I just got done building the Pearl 2 and I went back and forth with gain and impedance. Using a cart that had .15mv and another at .3mv. I also have a Sony TA-5650 V-FET that has a vfet MM phono stage that I have been curious to try out. In that curiosity, I read the specs on the phono stage and its 70db SNR, which is meh. I then thought about SNR, THD, gain, and output of phono cartridges and stages. I looked at a lot of specs of cartridges and stages over the years, and as the gain of the stage goes up, the SNR goes down, which eventually leads me to this question:

Is the ideal cartridge output 1.5-2mv? Do you then get a medium output that is the best middle ground for SNR and THD? If that could be the case (or if not if you disagree) then why isn't there more cartridges with around that output available? 
enobenetto

Showing 2 responses by millercarbon

what is the best output to give you the lowest noise without sacrificing performance. 
Higher output is definitely better, and would be universal, except its not free. There are tradeoffs.  

There are only three ways of getting higher output: more coils, bigger magnets, or more powerful magnets. There's a few more little tricks but basically that's that. Expensive materials basically forces everyone to using the same stuff at the same price level, and so it then comes down to how much. How many coils, how big the magnets. 

Either way, all things being equal, higher output equals higher moving mass - equals less detailed tracking. This is why at the top of the game pretty much all the best MC carts have pretty low output. Its simply not possible to track as well with more moving mass as less.

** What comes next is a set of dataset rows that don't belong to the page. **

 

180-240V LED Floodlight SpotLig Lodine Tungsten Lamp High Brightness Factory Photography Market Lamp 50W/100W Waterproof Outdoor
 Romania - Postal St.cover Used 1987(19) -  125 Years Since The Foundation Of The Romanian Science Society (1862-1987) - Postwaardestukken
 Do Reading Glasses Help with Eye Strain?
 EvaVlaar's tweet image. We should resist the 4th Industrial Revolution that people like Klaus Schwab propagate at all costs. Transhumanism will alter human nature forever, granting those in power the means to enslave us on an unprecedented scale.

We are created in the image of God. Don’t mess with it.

This also explains why Strain Gauge works so well. With a fraction the moving mass but much greater output (not to mention no RIAA EQ required) its a technological no-brainer.
Yeah, I actually think the two most important specs in all of audio are cartridge output and speaker sensitivity. They are like two sides of the same coin. If the speakers put out at least 90 dB then finding a good amp is easy because just about anything will do. By the same token if the cartridge output is medium range around 0.5 or 0.6 mV or higher, something like that, then there's a huge number of phono stages that will work just fine. 

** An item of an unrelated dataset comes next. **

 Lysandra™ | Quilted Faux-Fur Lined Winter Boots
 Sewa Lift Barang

I'm not saying there's not more to it. Simplifying, obviously. Those low output carts tend to have fewer coil windings which tends to lead to greater detail. But its all relative. The lower you go the harder it gets to find a phono stage that doesn't lose in noise what you gained in the low output cartridge. 

I don't know that you need to go all the way to 1.5 - 2mV to get there. But then on the other hand I think there's a reason some prefer MM over MC and its probably got a lot to do with this output factor. 

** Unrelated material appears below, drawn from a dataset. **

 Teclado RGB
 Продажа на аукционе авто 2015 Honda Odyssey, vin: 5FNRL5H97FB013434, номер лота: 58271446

As for why there aren't more of them, chalk it up to the incredible drive of so many audiophiles to make everything so much harder than it needs to be. I mean look, bi-amping, bi-wiring and all of that should have died out years ago. Low output MC gives guys the chance to spend endlessly on step-up transformers, of which there are literally hundreds. These things are so incredibly load specific they are near tailor made for the audiophile who wants to feel so cool he made something work nobody else could figure out. 

What they really need to figure out, when you get to a certain level, you can spend near infinitely on this stuff or for a fraction of the cost leapfrog the whole mess with a strain gauge. But that's another one for another day.